Repsol’s dividend yield is currently 5 percent - giving investors a total return of about 9.5 percent, well above the rates at which other Spanish companies have been able to sell debt recently, although below Banco Popular’s 11.5 percent coupon on a convertible bond last month.

The deal will free up capital for Caixabank and help it improve solvency ratios under stricter international Basel rules, ahead of a Europe-wide review of banks’ assets next year, which is also pushing peers to shore up their finances.

It also gives the bank a hedge against swings in Repsol’s share price and retains its voting rights in the oil firm, whose dividend gives it an important source of income and where it has had sometimes tense relations with management.

“Caixabank is keeping political and economic rights over this Repsol stake while granting bondholders the dividends,” the source said.

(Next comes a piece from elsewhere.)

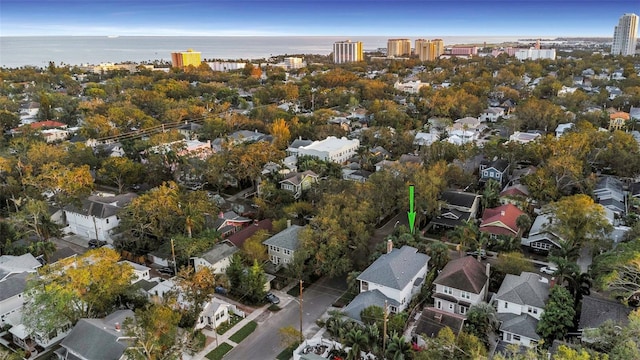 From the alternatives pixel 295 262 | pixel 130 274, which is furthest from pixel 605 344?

Caixabank has a 12-percent stake in Repsol and this could fall by 2.5 percentage points if the bonds are converted into Repsol shares when they mature on Nov. 22, 2016. However, the bank has also retained the right to pay cash or a mixture of cash and Repsol shares.

Any exchanged bonds will be offered in a price range of 18.25 euros to 22.81 euros, compared with Repsol’s closing share price of 18.93 euros on Monday. So if Repsol’s shares are trading above the range, Caixabank can offer bondholders cash and make a profit, and if the shares are trading below it, the bank can sell the stake at a guaranteed price.

Repsol’s shares fell 3.35 percent to 18.295 euros in afternoon trade as buyers of the bond shorted the stock in a hedge operation that was part of the structure of the debt. Caixabank shares were down 0.2 percent at 3.751 euros.

Citigroup and Morgan Stanley were bookrunners on the deal.


The dividend rights form part of a clause in the bond prospectus, the details of which have not yet been made public, the source said. Caixabank declined to comment.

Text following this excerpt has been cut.